Prompt: Omit the pictures, please, and give each record below again exactly.

The input:
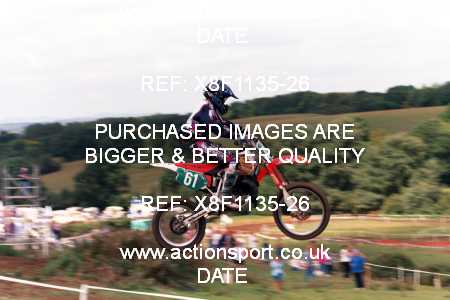 Photo: X8F1135-26 ActionSport Photography 15/08/1998 BSMA Finals - Church Lench _3_100s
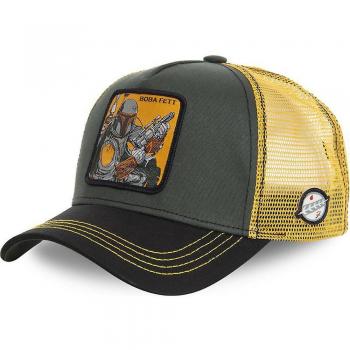 Gorra Estelar Eocici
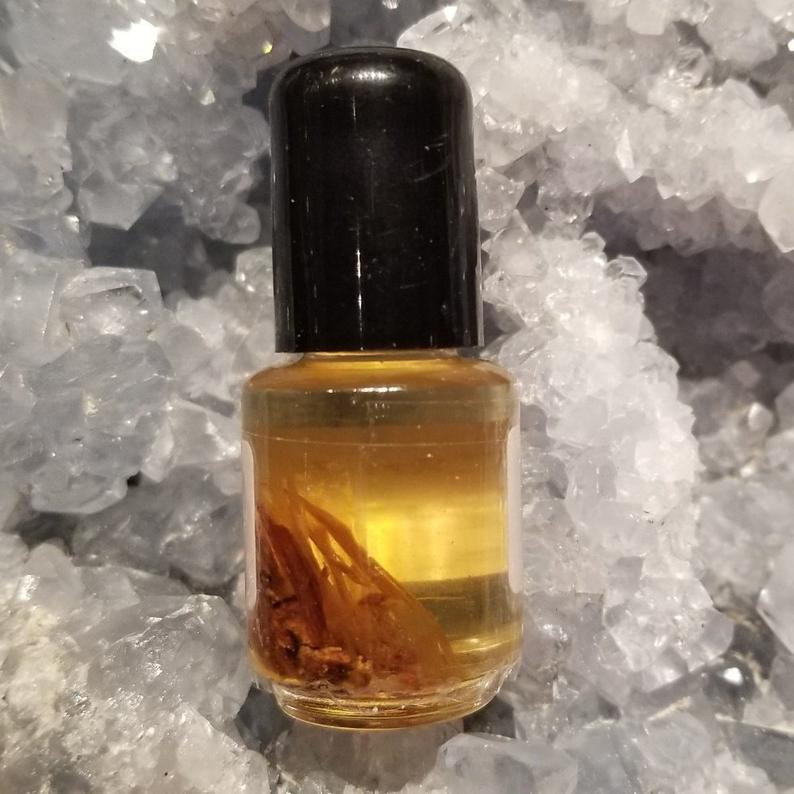 Athena Oil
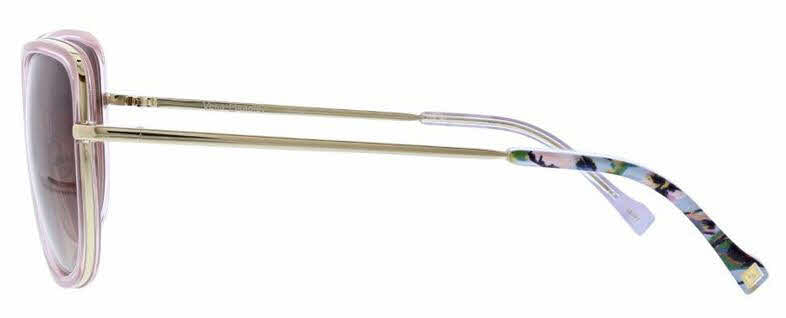 Vera Bradley JAYNE SEA AIR FLORAL 56mm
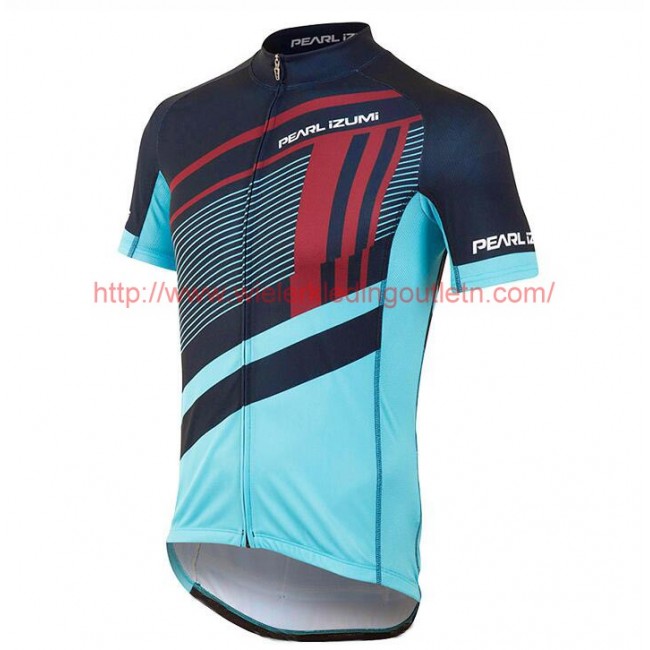 2017 Pearl Izumi Fietskleding Wielershirt Korte Mouw 02 201717815 2017 Pearl Izumi Fietskleding Wielershirt Korte Mouw 02 201717815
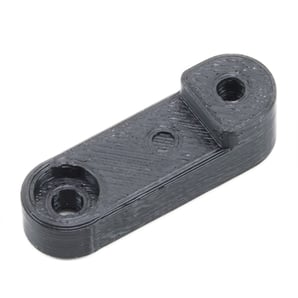Top cover lock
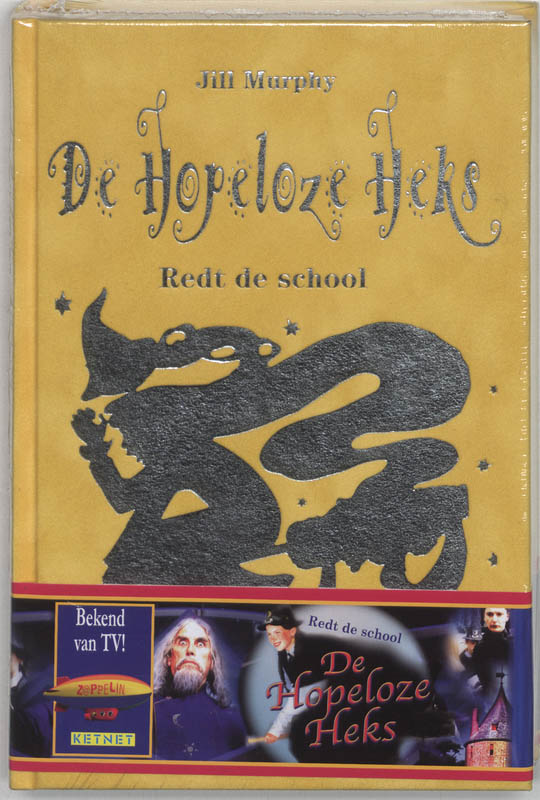 Omslag van 5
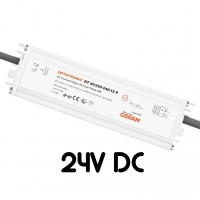 Αδιάβροχα Τροφοδοτικά 24 V DC 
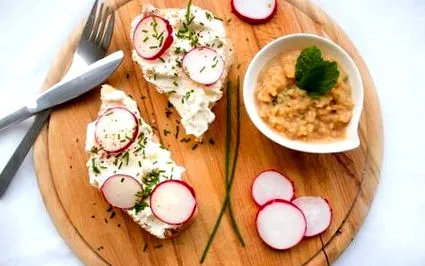 млечни продукти яжте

Task answer:
 Photo: X8F1135-26 ActionSport Photography 15/08/1998 BSMA Finals - Church Lench _3_100s
 Gorra Estelar Eocici
 Athena Oil
 Vera Bradley JAYNE SEA AIR FLORAL 56mm
 2017 Pearl Izumi Fietskleding Wielershirt Korte Mouw 02 201717815 2017 Pearl Izumi Fietskleding Wielershirt Korte Mouw 02 201717815
Top cover lock
 Omslag van 5
 Αδιάβροχα Τροφοδοτικά 24 V DC 
 млечни продукти яжте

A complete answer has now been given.